Furthermore, Board Member Quadrato opined that he "cannot see how there couldn't be a negative impact on the wetland . . ." and that the requested special use permit relief "could pose a threat to drinking water." (Decision, Mar. 23, 2015.) Board Member Chambers opined that the total buildable lot size was insufficient considering the presence, characteristics, and distance from the wetlands. (Tr. 51, 58.) Board Member Chambers noted that the total aggregate run off into the wetlands behind the Subject Property would only increase if the special use permit is granted as the runoff from an abutting property, Lot 51, also drains into the wetlands behind the Subject Property. (Tr. 51.)

The Board's decision included sufficient findings of fact and conclusions of law. Accordingly, the decision is not in violation of statutory or ordinance provisions. In the future, the Board is to set forth its facts and conclusions separately and clearly and by a vote of the Board.

2

Substantial Evidence on Record to Support Denial of Special Use Permit

As required by the Charlestown Zoning Code § 218-23A, a landowner must obtain a special use permit to install an OWTS within 100 feet of a wetland. Here, New Castle sought to install an ADVANTAX denitrification septic system on the far right side of the Subject Property, well within the 100 foot buffer zone protecting the wetlands, thus requiring a special use permit. (Tr. 50.) Pursuant to Sec. 218-23A, New Castle applied for a special use permit from the Board, which petition was denied on March 23, 2017. (Decision, Mar. 23, 2015; Tr. 51.)

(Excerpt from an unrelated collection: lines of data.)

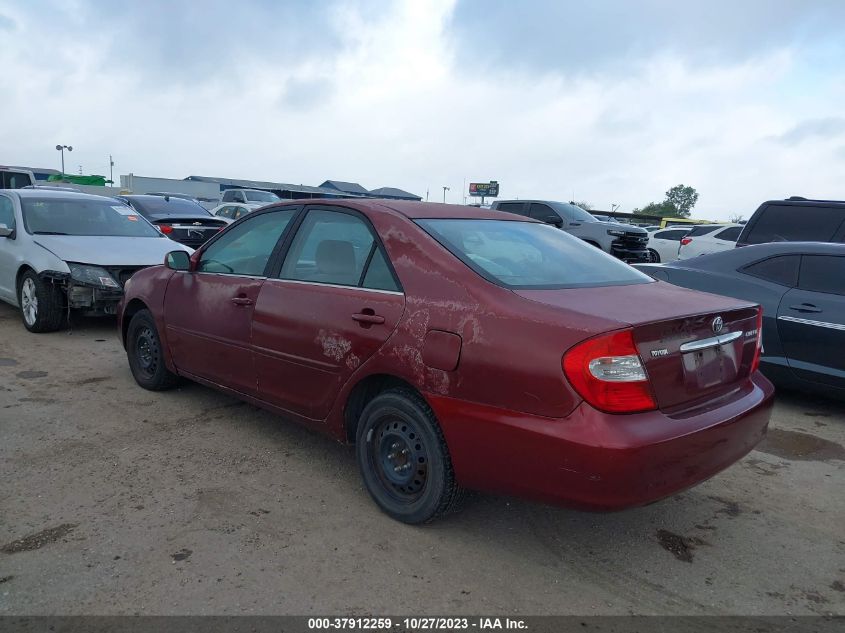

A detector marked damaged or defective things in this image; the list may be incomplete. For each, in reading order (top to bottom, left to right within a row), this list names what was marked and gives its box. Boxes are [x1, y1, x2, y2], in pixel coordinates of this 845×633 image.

white sedan with damage [0, 188, 191, 334] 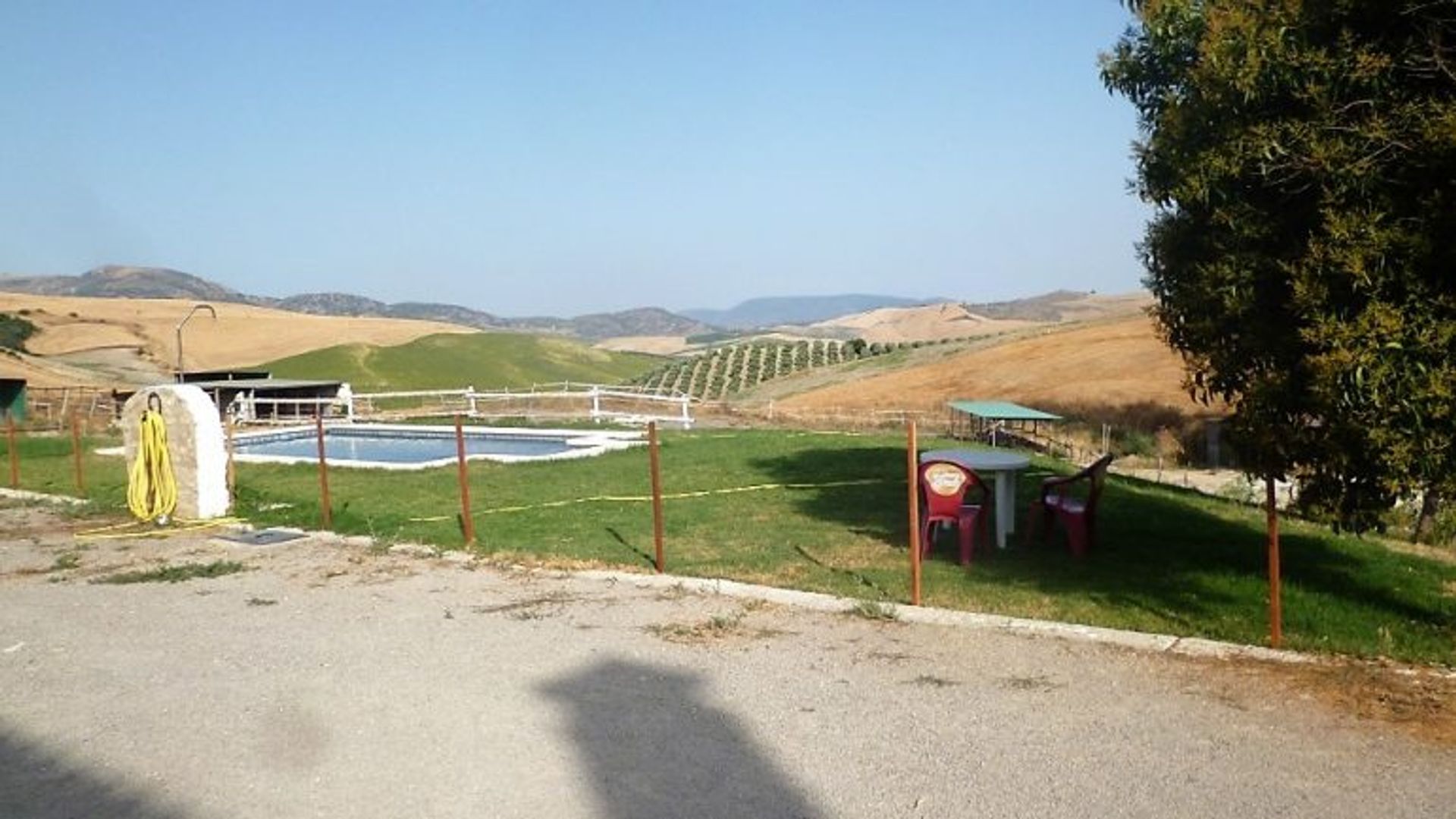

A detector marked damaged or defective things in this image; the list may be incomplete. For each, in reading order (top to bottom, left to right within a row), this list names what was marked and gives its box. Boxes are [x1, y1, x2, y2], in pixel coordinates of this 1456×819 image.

rusty metal post [71, 410, 85, 491]
rusty metal post [315, 413, 332, 528]
rusty metal post [455, 416, 479, 543]
rusty metal post [652, 422, 667, 576]
rusty metal post [910, 419, 922, 604]
rusty metal post [1268, 476, 1280, 649] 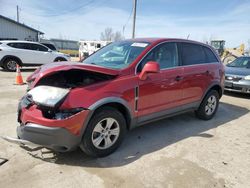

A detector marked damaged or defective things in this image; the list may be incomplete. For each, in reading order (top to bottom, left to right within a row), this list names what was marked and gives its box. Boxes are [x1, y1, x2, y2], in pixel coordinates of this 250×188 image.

crumpled hood [26, 61, 120, 82]
broken headlight [27, 86, 69, 108]
damaged red suv [5, 37, 225, 156] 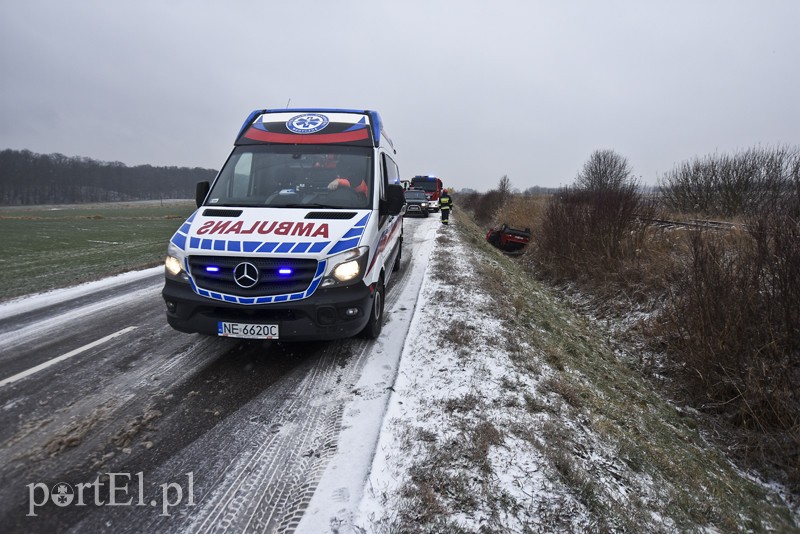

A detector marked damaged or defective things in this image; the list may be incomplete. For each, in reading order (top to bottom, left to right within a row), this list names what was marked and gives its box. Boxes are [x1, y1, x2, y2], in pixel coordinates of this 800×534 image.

crashed vehicle [484, 224, 528, 253]
overturned car [488, 223, 532, 254] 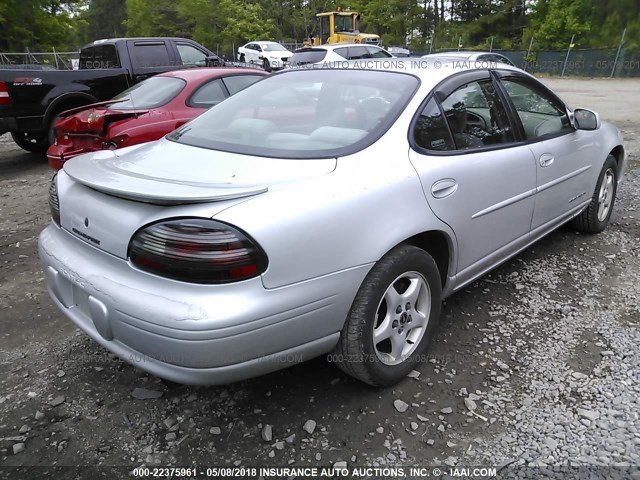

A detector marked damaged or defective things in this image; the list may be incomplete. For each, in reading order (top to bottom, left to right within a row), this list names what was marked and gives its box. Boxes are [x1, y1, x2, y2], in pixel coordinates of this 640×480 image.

New Castle argues that the Board's March 23, 2015 decision denying its application for a special use permit was made contrary to the substantial evidence on the record. It is the Applicant's burden to establish the grounds for the variances. The Court does not hold that the burden of proof has shifted. New Castle suggests that Board members lacked expertise relating to environmental affairs and arbitrarily substituted the Board's lay opinions for that of DEM.

Under Rhode Island Law, a Special Use Permit is defined as "[a] regulated use that is permitted pursuant to the special-use permit issued by the authorized governmental entity, pursuant to § 45-24-42." Sec. 45-24-31(62). In addition, § 218-78 of the Charlestown Zoning Ordinance requires a special use permit to be obtained for the installation of any device "designed to leach liquid wastes into the soil." Section 218-78 provides as follows:

"No facility designed to leach liquid wastes into the soil shall be located in areas outlined below, except by the granting of a special use permit. Exception: The repair or alteration of an existing waste disposal system.
"(1) Within one hundred feet of a boundary of a fresh water or coastal wetland as defined by Rhode Island General Laws §§ 2-1-14 and 2-1-20. Sec. 218-78."
Lloyd v. Zoning Bd. of Review for City of Newport, 62 A.3d 1078 (R.I. 2013) (noting special use permit is generally related to a specific use that is not allowed under the applicable ordinance absent zoning board approval).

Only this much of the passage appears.